Menurut Jufri, pembangunan infrastruktur merupakan pilar penting dalam meningkatkan pelayanan publik, memperkuat konektivitas antarwilayah, serta memperlancar mobilitas distribusi barang dan jasa. Langkah ini juga diharapkan mendukung swasembada pangan nasional dan memberikan manfaat langsung bagi seluruh lapisan masyarakat.
Hal itu disampaikan Jufri saat mewakili Gubernur Sulawesi Selatan dalam rapat paripurna pembacaan Jawaban Gubernur atas Pemandangan Umum Fraksi terhadap Nota Keuangan APBD 2026.
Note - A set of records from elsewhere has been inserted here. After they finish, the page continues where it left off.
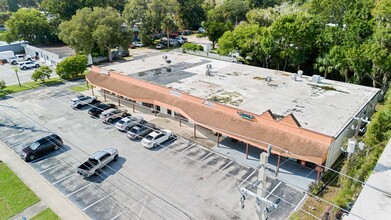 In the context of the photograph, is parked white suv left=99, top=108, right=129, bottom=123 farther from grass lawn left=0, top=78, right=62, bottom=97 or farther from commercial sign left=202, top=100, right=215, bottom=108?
grass lawn left=0, top=78, right=62, bottom=97

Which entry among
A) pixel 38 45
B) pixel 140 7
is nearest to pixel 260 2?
pixel 140 7

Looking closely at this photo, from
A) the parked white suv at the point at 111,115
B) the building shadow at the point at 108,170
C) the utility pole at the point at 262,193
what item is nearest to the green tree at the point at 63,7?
the parked white suv at the point at 111,115

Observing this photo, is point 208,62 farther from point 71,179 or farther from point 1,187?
point 1,187

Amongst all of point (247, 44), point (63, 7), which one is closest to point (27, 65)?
point (63, 7)

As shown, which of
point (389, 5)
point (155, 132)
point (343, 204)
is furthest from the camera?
point (389, 5)

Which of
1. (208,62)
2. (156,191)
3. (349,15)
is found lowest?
(156,191)

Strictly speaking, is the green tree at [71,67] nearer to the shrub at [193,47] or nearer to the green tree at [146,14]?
the shrub at [193,47] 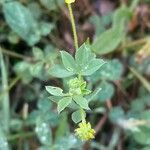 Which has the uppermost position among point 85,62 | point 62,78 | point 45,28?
point 45,28

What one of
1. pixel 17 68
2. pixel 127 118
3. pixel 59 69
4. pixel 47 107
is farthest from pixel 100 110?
pixel 59 69

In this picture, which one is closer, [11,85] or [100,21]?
[11,85]

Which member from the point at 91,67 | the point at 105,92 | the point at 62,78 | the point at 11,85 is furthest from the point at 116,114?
the point at 91,67

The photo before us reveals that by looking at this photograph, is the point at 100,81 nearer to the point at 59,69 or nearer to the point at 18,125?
the point at 18,125

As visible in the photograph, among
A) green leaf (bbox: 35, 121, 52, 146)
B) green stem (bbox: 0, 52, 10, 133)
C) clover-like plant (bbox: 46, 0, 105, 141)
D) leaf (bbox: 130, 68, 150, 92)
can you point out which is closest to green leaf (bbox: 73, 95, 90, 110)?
clover-like plant (bbox: 46, 0, 105, 141)

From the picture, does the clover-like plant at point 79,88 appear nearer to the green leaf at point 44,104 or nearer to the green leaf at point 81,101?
the green leaf at point 81,101

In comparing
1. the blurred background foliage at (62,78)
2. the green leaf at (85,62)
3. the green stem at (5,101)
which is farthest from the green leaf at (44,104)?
the green leaf at (85,62)

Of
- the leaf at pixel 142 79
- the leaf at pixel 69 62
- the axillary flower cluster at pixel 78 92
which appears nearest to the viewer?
the axillary flower cluster at pixel 78 92

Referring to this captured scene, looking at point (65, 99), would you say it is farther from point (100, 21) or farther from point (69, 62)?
point (100, 21)

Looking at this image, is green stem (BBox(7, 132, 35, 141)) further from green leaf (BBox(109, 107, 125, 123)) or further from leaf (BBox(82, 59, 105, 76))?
leaf (BBox(82, 59, 105, 76)) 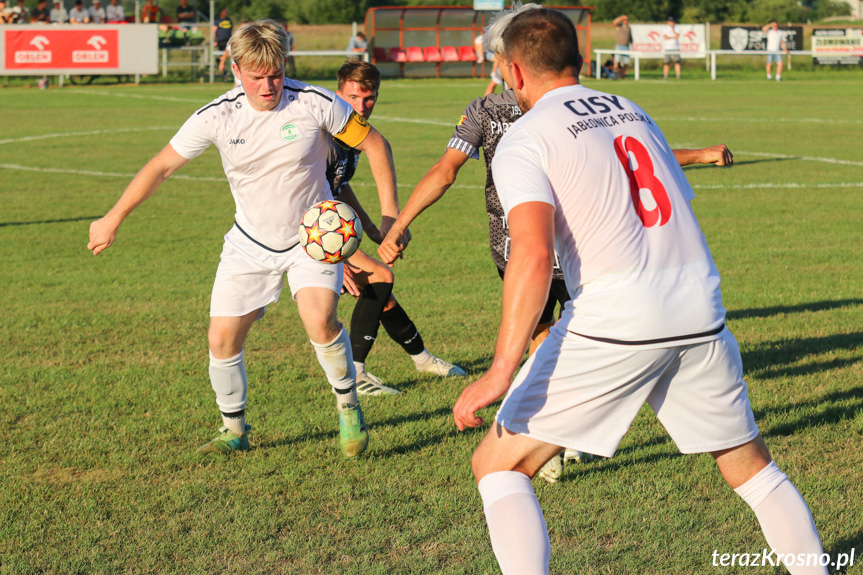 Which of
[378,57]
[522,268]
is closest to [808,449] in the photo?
[522,268]

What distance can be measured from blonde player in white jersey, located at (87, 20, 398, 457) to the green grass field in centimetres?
40

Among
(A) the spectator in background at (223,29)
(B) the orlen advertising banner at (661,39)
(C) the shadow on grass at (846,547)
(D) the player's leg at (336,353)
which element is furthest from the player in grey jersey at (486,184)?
(B) the orlen advertising banner at (661,39)

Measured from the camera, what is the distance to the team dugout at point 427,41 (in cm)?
4053

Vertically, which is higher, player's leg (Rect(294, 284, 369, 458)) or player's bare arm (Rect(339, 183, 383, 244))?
player's bare arm (Rect(339, 183, 383, 244))

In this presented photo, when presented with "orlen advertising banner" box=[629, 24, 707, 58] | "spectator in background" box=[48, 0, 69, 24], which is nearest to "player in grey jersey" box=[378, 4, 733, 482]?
"spectator in background" box=[48, 0, 69, 24]

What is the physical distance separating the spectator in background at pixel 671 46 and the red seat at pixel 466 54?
7961 millimetres

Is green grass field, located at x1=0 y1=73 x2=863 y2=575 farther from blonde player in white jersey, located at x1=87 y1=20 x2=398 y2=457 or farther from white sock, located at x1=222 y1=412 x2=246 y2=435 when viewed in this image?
blonde player in white jersey, located at x1=87 y1=20 x2=398 y2=457

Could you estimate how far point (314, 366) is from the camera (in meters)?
6.44

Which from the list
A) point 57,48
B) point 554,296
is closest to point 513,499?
point 554,296

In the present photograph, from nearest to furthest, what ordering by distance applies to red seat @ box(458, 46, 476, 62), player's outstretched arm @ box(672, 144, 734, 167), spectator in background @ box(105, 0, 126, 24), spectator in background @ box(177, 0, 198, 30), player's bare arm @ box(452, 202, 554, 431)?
1. player's bare arm @ box(452, 202, 554, 431)
2. player's outstretched arm @ box(672, 144, 734, 167)
3. spectator in background @ box(105, 0, 126, 24)
4. spectator in background @ box(177, 0, 198, 30)
5. red seat @ box(458, 46, 476, 62)

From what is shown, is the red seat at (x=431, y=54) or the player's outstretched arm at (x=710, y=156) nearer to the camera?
the player's outstretched arm at (x=710, y=156)

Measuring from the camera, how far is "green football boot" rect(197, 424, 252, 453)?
4.95 metres

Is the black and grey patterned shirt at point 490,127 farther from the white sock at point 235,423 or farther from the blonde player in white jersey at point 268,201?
the white sock at point 235,423

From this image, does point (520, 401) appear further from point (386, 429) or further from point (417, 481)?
point (386, 429) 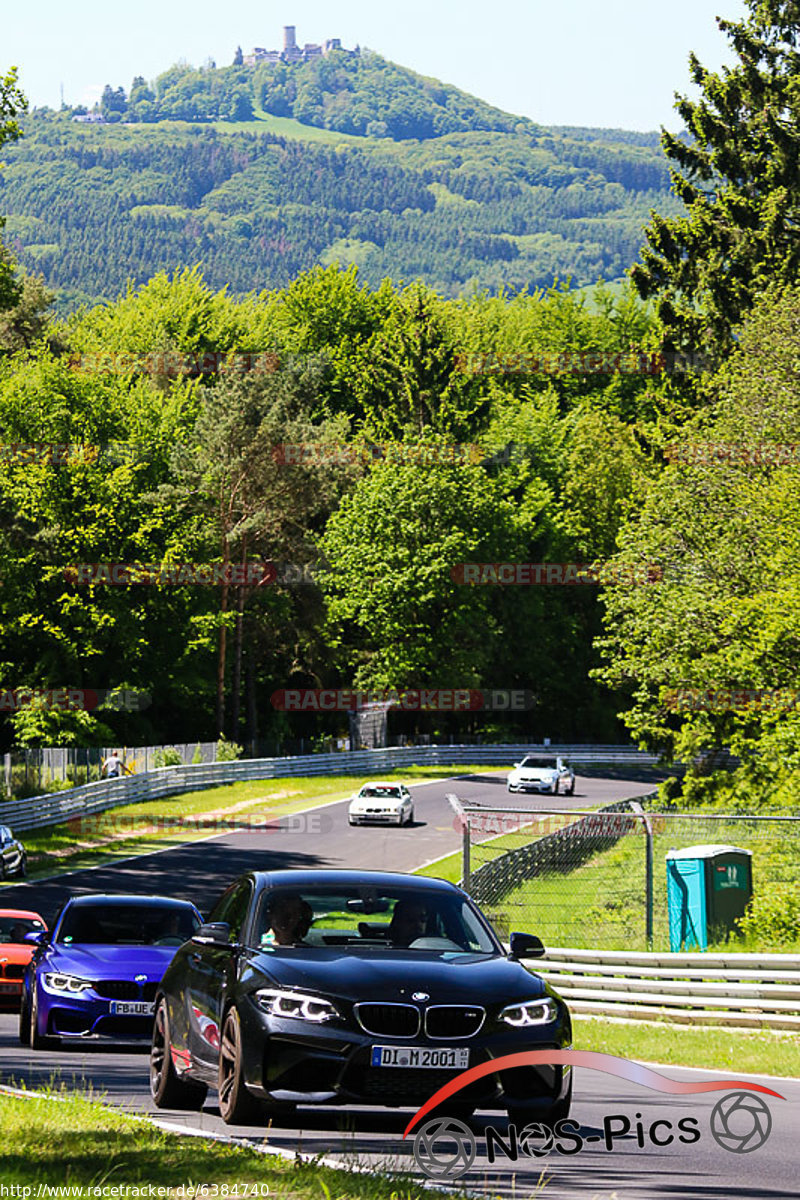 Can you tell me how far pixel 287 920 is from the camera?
29.5ft

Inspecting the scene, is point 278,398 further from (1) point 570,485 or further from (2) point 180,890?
(2) point 180,890

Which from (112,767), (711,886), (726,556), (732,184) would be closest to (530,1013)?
(711,886)

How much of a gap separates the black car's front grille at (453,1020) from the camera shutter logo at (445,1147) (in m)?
0.48

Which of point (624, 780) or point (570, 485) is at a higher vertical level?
point (570, 485)

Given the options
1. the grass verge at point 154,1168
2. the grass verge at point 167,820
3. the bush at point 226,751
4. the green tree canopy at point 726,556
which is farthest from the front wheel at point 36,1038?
the bush at point 226,751

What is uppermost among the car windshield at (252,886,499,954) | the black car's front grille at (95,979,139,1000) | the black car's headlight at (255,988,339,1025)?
the car windshield at (252,886,499,954)

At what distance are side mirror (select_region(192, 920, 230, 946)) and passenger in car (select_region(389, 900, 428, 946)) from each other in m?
0.95

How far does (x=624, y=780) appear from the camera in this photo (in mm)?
70875

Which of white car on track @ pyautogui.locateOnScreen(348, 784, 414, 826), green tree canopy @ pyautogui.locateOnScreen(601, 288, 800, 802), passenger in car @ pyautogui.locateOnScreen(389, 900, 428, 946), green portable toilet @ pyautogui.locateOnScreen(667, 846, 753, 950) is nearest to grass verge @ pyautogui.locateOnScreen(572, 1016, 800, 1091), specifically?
green portable toilet @ pyautogui.locateOnScreen(667, 846, 753, 950)

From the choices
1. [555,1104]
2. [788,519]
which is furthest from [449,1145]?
[788,519]

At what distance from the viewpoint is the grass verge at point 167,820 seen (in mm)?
42656

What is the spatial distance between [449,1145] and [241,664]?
2808 inches

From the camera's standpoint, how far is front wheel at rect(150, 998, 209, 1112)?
31.5ft

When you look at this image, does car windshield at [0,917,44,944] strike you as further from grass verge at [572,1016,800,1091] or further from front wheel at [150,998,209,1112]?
front wheel at [150,998,209,1112] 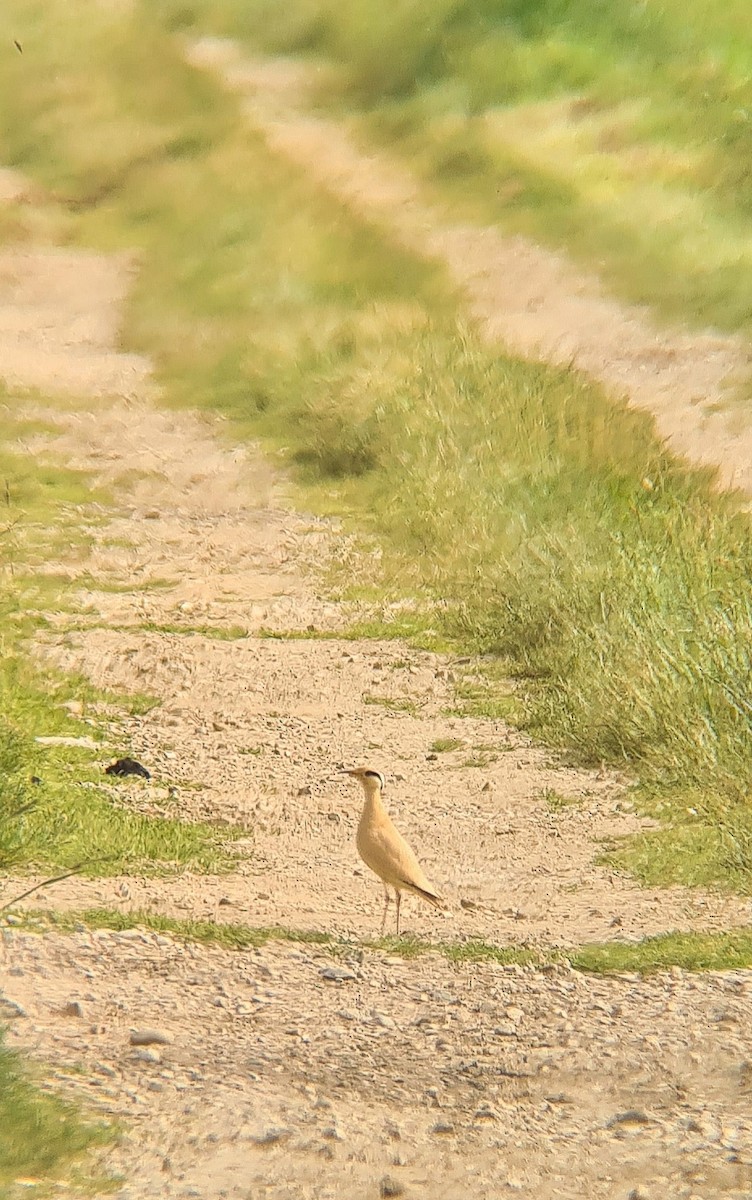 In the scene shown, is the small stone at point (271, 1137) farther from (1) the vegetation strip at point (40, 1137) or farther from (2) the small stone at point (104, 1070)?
(2) the small stone at point (104, 1070)

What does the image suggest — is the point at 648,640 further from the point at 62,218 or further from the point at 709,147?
the point at 62,218

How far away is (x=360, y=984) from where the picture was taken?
5746 millimetres

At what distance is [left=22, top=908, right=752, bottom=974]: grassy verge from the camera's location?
5.96 meters

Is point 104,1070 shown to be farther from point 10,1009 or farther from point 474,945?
point 474,945

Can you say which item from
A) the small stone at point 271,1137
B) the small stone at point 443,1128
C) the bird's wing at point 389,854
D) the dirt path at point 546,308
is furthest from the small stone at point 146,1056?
the dirt path at point 546,308

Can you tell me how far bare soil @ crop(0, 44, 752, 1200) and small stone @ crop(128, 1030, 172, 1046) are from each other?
0.01m

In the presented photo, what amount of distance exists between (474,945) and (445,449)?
22.0 ft

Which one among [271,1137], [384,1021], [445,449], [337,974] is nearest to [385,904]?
[337,974]

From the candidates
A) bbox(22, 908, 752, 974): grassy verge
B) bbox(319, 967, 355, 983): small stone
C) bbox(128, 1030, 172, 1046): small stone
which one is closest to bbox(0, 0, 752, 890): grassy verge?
bbox(22, 908, 752, 974): grassy verge

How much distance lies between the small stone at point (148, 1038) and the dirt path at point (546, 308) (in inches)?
274

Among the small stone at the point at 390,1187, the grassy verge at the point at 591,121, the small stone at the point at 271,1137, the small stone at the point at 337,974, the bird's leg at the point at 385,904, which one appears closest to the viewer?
the small stone at the point at 390,1187

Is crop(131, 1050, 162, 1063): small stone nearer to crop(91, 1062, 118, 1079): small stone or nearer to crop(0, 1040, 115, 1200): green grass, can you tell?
crop(91, 1062, 118, 1079): small stone

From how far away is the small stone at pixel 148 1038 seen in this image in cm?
528

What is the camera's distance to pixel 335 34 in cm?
2777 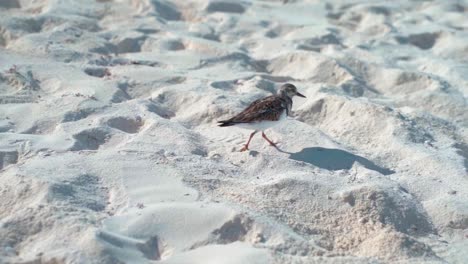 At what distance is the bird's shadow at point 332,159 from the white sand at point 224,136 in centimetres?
2

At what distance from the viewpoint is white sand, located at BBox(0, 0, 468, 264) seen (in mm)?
3504

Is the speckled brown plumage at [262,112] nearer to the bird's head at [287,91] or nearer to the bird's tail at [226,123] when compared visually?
the bird's tail at [226,123]

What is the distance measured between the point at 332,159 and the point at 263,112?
0.68 meters

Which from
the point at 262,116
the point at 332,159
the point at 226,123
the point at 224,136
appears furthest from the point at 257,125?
the point at 332,159

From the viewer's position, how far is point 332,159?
4.73 m

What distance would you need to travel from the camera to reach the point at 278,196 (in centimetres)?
403

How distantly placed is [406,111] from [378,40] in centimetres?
229

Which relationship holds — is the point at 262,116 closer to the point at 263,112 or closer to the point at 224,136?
the point at 263,112

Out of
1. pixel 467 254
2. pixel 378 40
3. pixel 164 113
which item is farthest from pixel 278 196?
pixel 378 40

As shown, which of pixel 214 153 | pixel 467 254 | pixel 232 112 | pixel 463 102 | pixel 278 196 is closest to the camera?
pixel 467 254

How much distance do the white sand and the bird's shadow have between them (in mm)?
20

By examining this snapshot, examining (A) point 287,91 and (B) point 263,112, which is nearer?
(B) point 263,112

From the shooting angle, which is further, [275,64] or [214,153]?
[275,64]

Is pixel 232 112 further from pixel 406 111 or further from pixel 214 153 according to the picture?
pixel 406 111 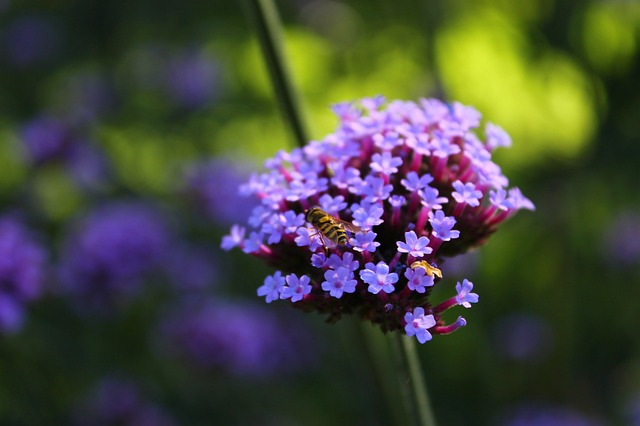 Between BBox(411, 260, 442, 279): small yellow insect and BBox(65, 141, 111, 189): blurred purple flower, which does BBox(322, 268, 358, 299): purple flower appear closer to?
BBox(411, 260, 442, 279): small yellow insect

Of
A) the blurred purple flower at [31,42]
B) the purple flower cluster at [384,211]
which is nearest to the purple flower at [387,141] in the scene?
the purple flower cluster at [384,211]

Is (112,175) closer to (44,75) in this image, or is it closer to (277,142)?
(277,142)

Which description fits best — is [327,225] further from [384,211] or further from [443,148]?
[443,148]

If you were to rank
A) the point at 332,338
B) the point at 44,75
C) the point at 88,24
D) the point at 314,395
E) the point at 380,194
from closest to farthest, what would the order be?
the point at 380,194
the point at 332,338
the point at 314,395
the point at 88,24
the point at 44,75

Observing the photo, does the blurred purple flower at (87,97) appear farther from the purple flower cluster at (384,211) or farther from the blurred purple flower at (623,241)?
the purple flower cluster at (384,211)

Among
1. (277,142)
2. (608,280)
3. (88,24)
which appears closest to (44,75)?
(88,24)

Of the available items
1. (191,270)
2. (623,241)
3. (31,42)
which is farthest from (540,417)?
(31,42)

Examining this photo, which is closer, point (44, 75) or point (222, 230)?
point (222, 230) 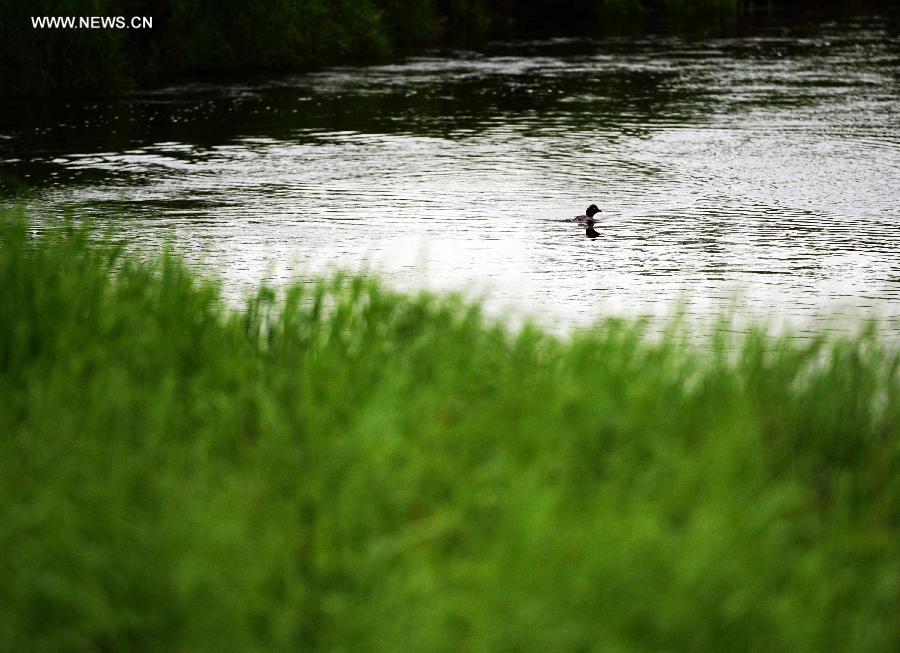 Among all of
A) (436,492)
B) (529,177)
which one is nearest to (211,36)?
(529,177)

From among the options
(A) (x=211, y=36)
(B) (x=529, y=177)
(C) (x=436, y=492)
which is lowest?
(B) (x=529, y=177)

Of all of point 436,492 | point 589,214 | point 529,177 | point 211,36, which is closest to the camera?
point 436,492

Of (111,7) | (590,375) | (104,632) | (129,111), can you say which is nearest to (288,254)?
(590,375)

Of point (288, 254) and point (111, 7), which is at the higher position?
point (111, 7)

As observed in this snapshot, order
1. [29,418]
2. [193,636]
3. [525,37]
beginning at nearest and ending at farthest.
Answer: [193,636]
[29,418]
[525,37]

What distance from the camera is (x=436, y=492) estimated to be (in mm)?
4445

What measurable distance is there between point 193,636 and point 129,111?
1854 cm

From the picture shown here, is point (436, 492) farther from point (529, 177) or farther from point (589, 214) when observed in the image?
point (529, 177)

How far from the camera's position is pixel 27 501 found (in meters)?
4.41

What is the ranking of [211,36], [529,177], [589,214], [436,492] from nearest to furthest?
1. [436,492]
2. [589,214]
3. [529,177]
4. [211,36]

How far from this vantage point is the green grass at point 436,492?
3.78 m

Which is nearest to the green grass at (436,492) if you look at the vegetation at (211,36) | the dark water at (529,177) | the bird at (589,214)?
the dark water at (529,177)

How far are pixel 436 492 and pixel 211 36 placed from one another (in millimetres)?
22975

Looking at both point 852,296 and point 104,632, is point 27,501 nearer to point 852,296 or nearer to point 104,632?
point 104,632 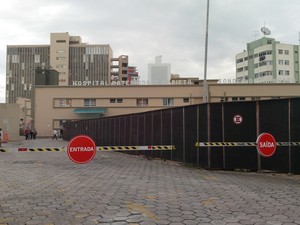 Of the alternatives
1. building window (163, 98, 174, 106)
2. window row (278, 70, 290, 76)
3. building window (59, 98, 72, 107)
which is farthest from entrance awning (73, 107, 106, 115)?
window row (278, 70, 290, 76)

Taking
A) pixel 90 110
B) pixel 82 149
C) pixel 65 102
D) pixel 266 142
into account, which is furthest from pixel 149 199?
pixel 65 102

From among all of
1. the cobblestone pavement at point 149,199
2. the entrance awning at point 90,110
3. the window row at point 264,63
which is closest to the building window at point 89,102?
the entrance awning at point 90,110

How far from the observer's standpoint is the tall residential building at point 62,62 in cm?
14375

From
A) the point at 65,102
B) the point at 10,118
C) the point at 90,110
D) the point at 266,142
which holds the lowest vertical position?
the point at 266,142

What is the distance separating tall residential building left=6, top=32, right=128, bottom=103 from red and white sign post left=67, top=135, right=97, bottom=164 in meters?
131

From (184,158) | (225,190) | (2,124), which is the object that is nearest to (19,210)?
(225,190)

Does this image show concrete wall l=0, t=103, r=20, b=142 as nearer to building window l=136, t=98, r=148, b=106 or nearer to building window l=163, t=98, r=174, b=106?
building window l=136, t=98, r=148, b=106

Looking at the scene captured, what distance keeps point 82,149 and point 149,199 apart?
316 centimetres

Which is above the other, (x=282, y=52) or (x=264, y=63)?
(x=282, y=52)

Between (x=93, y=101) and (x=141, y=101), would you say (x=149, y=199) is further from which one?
(x=93, y=101)

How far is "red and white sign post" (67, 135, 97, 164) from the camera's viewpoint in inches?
392

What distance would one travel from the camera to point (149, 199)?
7.52 m

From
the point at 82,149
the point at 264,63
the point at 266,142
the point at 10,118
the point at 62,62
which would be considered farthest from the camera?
the point at 62,62

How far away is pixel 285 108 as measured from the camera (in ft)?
38.2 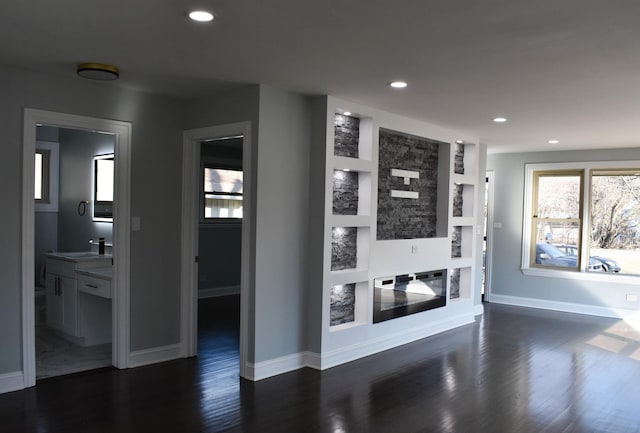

Ia menegaskan, komitmen Pemerintah Provinsi Sulsel akan terus sejalan dengan visi “Sulawesi Selatan Maju dan Berkarakter”, yang diimplementasikan secara terukur dan selaras dengan Program AstaCita Presiden Prabowo Subianto.
“Pemerintah Provinsi tetap berkomitmen menjadikan kesejahteraan masyarakat sebagai orientasi utama dalam perencanaan dan penganggaran,” tutup Jufri. (ant/as)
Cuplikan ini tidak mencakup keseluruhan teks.